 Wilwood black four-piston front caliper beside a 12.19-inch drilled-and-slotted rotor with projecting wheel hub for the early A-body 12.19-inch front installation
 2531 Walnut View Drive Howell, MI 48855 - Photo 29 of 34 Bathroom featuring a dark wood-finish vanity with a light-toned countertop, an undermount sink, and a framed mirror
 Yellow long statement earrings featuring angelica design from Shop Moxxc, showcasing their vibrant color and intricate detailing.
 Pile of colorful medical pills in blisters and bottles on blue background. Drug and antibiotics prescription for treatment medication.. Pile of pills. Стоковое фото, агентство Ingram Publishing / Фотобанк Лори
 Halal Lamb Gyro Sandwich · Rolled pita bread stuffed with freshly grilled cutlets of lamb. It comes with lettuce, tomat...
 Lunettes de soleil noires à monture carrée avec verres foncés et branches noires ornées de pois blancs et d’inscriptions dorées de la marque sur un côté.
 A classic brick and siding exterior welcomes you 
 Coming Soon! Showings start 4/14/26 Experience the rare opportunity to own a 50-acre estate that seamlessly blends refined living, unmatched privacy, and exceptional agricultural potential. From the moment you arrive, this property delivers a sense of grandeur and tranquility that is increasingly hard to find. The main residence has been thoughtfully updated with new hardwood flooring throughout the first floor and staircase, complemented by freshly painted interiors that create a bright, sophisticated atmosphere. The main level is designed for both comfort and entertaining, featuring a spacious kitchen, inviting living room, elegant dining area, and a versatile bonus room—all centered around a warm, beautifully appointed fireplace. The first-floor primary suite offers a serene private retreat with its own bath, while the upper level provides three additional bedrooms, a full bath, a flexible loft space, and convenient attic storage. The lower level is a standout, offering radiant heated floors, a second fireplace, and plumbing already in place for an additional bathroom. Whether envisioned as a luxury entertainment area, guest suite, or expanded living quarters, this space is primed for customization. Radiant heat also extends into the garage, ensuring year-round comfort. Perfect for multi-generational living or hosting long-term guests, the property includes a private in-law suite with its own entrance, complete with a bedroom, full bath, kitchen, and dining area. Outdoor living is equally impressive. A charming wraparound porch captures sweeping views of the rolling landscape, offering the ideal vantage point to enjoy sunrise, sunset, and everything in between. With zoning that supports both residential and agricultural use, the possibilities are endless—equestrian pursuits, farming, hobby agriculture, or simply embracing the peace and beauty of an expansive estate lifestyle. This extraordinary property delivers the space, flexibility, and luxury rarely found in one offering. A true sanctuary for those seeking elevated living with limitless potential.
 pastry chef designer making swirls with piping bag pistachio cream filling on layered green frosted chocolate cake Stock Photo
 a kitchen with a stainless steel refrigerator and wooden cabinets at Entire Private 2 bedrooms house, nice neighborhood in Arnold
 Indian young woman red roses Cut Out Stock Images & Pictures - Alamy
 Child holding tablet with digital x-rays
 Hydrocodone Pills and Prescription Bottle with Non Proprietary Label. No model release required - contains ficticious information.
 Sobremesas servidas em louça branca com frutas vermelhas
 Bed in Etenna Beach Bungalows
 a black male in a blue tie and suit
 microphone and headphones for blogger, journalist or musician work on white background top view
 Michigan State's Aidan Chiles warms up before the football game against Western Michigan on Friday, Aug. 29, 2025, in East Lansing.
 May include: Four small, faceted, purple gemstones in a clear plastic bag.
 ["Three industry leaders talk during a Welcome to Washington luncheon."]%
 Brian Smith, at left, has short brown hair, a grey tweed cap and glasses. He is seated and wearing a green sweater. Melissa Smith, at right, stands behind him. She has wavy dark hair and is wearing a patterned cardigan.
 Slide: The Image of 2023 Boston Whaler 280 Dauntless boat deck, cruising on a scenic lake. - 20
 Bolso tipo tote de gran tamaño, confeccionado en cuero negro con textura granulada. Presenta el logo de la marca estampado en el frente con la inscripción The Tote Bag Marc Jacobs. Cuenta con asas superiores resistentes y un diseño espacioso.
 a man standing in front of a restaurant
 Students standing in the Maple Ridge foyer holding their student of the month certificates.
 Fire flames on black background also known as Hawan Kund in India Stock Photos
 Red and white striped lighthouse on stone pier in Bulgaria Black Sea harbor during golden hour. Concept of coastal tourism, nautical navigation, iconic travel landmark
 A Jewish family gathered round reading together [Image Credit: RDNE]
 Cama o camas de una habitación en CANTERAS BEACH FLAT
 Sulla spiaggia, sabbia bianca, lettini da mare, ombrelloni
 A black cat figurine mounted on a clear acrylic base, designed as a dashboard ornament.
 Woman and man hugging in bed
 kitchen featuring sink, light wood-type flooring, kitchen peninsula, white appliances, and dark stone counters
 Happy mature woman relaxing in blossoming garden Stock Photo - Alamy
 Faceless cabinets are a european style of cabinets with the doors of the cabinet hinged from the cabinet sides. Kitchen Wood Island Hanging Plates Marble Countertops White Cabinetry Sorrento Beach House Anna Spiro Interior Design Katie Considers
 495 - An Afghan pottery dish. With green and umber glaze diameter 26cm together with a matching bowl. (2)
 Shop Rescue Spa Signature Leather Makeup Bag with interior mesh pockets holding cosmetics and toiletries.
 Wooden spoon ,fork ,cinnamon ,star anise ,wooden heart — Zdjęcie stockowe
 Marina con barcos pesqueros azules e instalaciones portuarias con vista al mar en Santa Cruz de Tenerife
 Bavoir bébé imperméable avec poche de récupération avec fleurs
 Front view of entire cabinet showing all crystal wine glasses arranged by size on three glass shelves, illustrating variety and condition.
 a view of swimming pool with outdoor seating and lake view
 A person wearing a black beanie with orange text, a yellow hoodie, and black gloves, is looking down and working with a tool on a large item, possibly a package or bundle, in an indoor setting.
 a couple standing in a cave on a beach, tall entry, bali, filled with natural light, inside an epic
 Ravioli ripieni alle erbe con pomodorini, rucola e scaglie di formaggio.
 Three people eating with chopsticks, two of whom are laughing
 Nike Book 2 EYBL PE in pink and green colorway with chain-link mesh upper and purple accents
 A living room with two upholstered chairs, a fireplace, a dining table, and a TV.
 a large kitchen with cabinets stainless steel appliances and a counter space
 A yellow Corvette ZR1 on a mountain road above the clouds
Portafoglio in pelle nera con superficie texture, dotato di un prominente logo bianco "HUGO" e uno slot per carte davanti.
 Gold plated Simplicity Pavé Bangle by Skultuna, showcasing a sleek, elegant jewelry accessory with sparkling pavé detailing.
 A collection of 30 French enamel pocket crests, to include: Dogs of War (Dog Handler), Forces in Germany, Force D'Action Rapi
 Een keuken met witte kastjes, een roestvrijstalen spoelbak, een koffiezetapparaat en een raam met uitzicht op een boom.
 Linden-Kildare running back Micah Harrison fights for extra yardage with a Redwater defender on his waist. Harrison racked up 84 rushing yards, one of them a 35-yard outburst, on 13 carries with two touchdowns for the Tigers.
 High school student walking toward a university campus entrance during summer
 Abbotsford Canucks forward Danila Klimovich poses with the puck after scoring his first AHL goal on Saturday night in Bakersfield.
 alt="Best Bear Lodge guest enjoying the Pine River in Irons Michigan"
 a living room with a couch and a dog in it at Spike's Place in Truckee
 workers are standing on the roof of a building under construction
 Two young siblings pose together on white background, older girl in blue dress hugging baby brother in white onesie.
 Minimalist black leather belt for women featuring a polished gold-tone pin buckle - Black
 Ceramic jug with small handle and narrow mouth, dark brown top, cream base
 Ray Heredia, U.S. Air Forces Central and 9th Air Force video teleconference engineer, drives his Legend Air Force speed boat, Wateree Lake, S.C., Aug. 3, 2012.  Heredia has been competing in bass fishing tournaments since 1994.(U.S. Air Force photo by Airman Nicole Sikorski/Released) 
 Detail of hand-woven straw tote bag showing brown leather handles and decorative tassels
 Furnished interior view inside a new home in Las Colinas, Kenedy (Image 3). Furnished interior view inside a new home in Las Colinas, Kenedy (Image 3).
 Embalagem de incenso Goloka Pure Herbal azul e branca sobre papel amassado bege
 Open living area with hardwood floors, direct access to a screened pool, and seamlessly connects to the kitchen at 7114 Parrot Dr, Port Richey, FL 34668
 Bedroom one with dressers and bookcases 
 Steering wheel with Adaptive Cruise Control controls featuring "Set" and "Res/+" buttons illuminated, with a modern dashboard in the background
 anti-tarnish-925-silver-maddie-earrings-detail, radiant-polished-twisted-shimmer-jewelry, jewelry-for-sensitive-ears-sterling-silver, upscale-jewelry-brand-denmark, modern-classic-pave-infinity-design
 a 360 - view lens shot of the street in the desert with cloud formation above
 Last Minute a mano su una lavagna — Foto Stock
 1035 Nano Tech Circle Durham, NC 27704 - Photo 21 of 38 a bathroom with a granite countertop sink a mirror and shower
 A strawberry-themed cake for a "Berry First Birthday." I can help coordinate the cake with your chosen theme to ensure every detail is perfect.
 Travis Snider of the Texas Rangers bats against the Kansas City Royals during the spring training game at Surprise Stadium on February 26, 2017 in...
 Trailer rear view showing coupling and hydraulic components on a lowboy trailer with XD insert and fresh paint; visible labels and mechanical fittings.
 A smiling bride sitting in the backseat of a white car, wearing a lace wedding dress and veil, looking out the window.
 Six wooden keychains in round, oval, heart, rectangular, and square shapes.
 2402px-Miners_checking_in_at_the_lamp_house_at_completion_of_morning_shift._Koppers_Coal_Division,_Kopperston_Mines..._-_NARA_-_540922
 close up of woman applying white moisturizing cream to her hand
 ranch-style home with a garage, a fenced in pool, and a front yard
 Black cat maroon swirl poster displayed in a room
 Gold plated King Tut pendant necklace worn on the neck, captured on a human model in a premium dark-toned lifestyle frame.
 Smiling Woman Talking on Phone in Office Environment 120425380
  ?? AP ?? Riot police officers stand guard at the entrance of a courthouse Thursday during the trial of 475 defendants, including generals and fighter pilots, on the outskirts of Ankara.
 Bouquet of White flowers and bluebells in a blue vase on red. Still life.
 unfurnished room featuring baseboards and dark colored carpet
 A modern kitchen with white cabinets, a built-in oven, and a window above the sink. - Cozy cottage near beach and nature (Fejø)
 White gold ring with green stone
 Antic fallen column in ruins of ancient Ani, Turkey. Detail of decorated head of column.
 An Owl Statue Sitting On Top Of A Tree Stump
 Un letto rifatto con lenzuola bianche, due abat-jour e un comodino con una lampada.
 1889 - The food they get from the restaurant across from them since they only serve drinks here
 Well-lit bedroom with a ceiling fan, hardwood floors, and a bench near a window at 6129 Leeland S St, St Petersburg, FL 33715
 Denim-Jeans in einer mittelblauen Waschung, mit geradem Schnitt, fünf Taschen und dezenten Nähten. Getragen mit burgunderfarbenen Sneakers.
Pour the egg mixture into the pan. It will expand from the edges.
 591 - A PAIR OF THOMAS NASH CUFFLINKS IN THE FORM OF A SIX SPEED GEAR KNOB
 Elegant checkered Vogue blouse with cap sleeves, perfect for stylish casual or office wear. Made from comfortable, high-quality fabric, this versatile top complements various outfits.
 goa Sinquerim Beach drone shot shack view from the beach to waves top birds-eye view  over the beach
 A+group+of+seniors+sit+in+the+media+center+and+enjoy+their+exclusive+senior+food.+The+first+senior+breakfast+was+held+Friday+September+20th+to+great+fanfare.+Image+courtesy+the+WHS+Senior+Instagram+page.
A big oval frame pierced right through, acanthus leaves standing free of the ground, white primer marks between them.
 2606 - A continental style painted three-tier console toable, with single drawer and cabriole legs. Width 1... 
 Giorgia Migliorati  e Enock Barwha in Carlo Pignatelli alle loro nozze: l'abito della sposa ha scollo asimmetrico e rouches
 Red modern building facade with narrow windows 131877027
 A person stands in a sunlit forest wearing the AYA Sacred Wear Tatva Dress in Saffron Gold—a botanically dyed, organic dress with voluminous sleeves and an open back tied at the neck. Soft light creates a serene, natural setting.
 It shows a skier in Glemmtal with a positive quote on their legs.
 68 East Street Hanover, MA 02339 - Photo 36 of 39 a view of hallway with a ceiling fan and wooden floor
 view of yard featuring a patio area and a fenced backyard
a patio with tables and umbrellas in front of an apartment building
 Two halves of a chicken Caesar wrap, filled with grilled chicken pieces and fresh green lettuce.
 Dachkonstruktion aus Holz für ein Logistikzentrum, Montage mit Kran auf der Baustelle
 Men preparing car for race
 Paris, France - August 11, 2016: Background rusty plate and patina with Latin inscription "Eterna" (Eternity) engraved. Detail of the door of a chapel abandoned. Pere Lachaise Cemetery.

|---|

Write out exactly the lines above from the line with "Travis Snider of" through the line with "1889 - The food", both of them included, and leave out all other lines.

 Travis Snider of the Texas Rangers bats against the Kansas City Royals during the spring training game at Surprise Stadium on February 26, 2017 in...
 Trailer rear view showing coupling and hydraulic components on a lowboy trailer with XD insert and fresh paint; visible labels and mechanical fittings.
 A smiling bride sitting in the backseat of a white car, wearing a lace wedding dress and veil, looking out the window.
 Six wooden keychains in round, oval, heart, rectangular, and square shapes.
 2402px-Miners_checking_in_at_the_lamp_house_at_completion_of_morning_shift._Koppers_Coal_Division,_Kopperston_Mines..._-_NARA_-_540922
 close up of woman applying white moisturizing cream to her hand
 ranch-style home with a garage, a fenced in pool, and a front yard
 Black cat maroon swirl poster displayed in a room
 Gold plated King Tut pendant necklace worn on the neck, captured on a human model in a premium dark-toned lifestyle frame.
 Smiling Woman Talking on Phone in Office Environment 120425380
  ?? AP ?? Riot police officers stand guard at the entrance of a courthouse Thursday during the trial of 475 defendants, including generals and fighter pilots, on the outskirts of Ankara.
 Bouquet of White flowers and bluebells in a blue vase on red. Still life.
 unfurnished room featuring baseboards and dark colored carpet
 A modern kitchen with white cabinets, a built-in oven, and a window above the sink. - Cozy cottage near beach and nature (Fejø)
 White gold ring with green stone
 Antic fallen column in ruins of ancient Ani, Turkey. Detail of decorated head of column.
 An Owl Statue Sitting On Top Of A Tree Stump
 Un letto rifatto con lenzuola bianche, due abat-jour e un comodino con una lampada.
 1889 - The food they get from the restaurant across from them since they only serve drinks here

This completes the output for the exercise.